**Brief**
Word for word, output the data, with none of its pictures.

**Record extracts**
>>
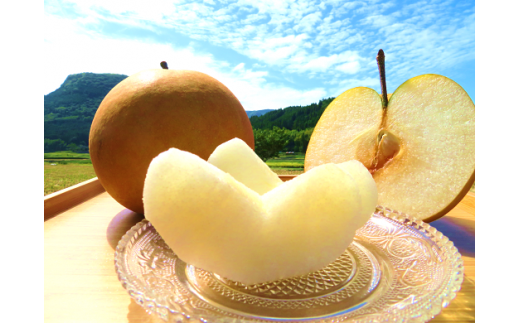 【先行受付】令和8年産 【新高】なかしま農園の 梨 5kg にい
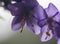 Gently lilac flower bell with yellow stamens in the middle on a white background closeup. Campanula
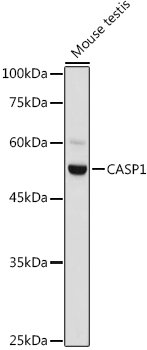 Caspase-1 Rabbit pAb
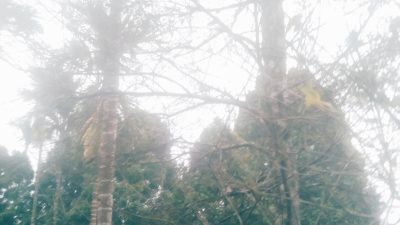 IMG 20250819 095510 Fenomena Aneh! Pohon Cengkeh di Mauponggo Berguguran Daun, Petani Kehilangan Harapan Suara Utama ID Mengabarkan Kebenaran | Website Resmi Suara Utama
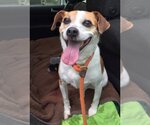 Small #5 Beagle Mix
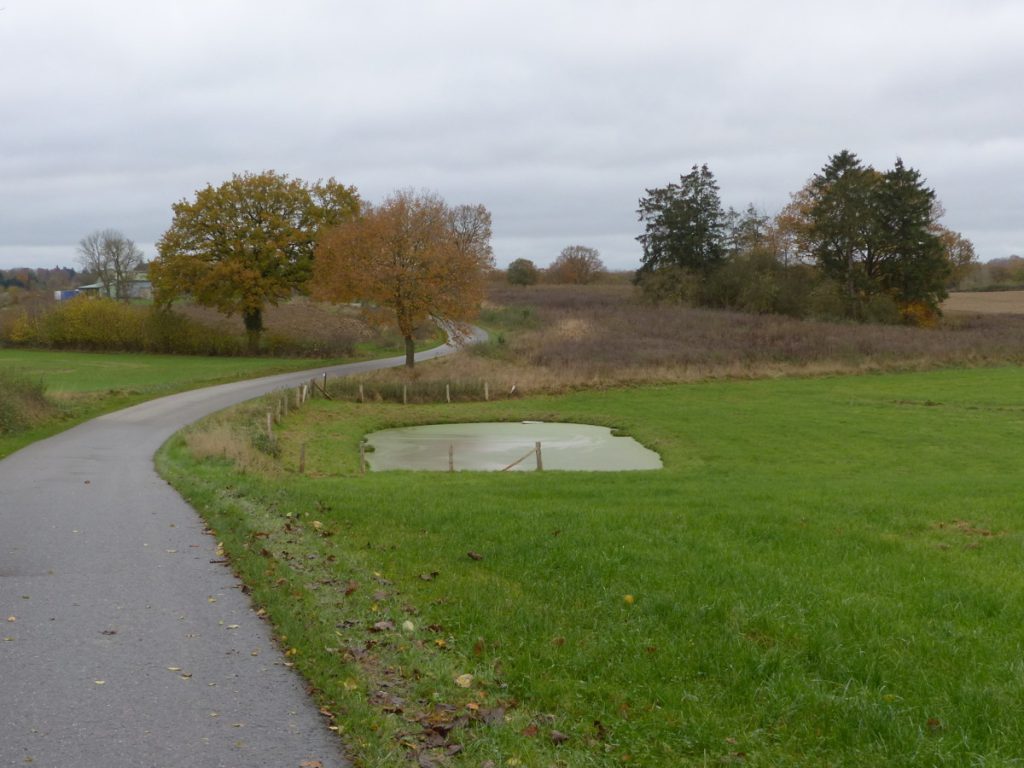 Einfamilienhaus 
mit großem Garten und 
Scheune – leben Sie Ihre Wünsche aus!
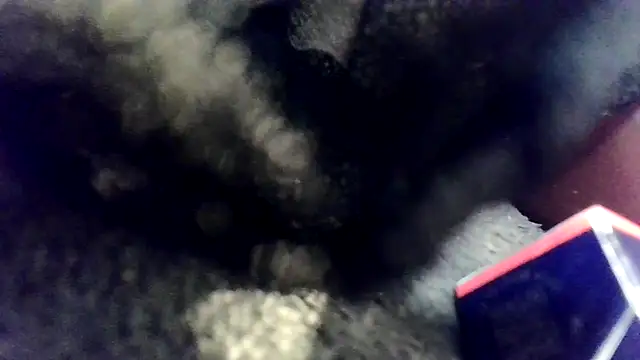 Evieskyyxh online show from 11/26/25, 10:49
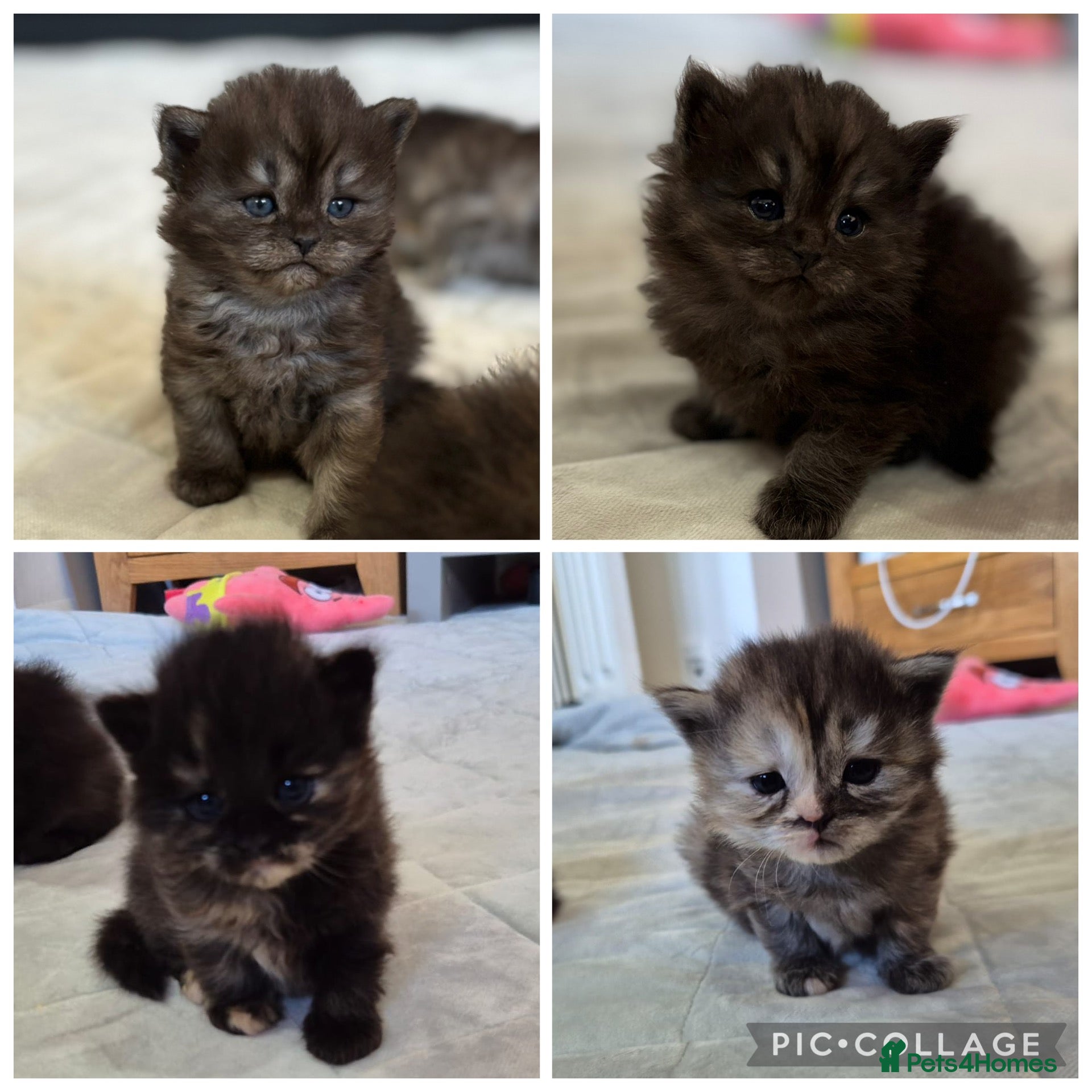 Persian cats for sale: Persian Kittens – 4 Females - Advert 1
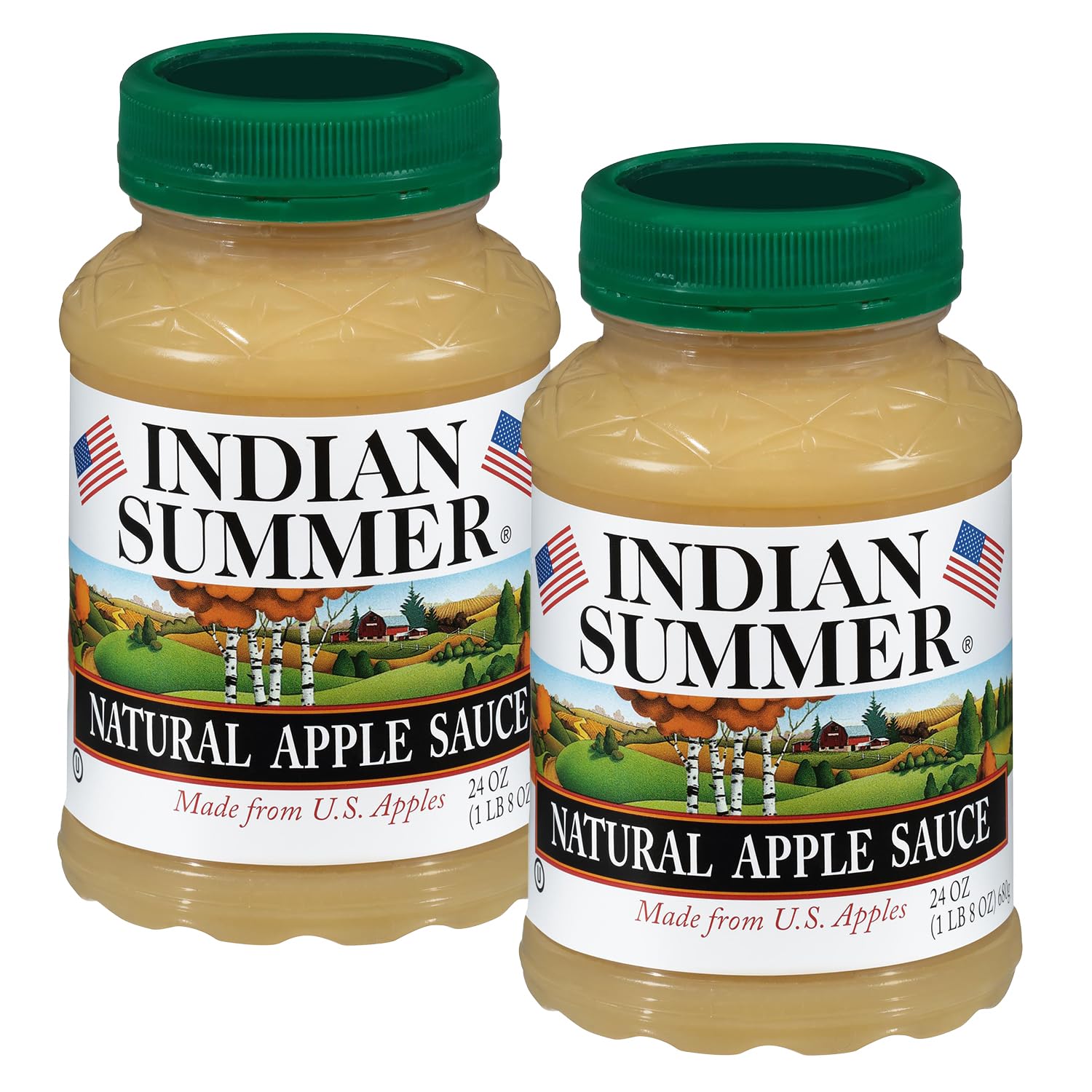 Indian Summer Chunky Peach Applesauce, 23 Ounce (Pack of 6), Made in USA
<<
**Expected output**
 【先行受付】令和8年産 【新高】なかしま農園の 梨 5kg にい
 Gently lilac flower bell with yellow stamens in the middle on a white background closeup. Campanula
 Caspase-1 Rabbit pAb
 IMG 20250819 095510 Fenomena Aneh! Pohon Cengkeh di Mauponggo Berguguran Daun, Petani Kehilangan Harapan Suara Utama ID Mengabarkan Kebenaran | Website Resmi Suara Utama
 Small #5 Beagle Mix
 Einfamilienhaus 
mit großem Garten und 
Scheune – leben Sie Ihre Wünsche aus!
 Evieskyyxh online show from 11/26/25, 10:49
 Persian cats for sale: Persian Kittens – 4 Females - Advert 1
 Indian Summer Chunky Peach Applesauce, 23 Ounce (Pack of 6), Made in USA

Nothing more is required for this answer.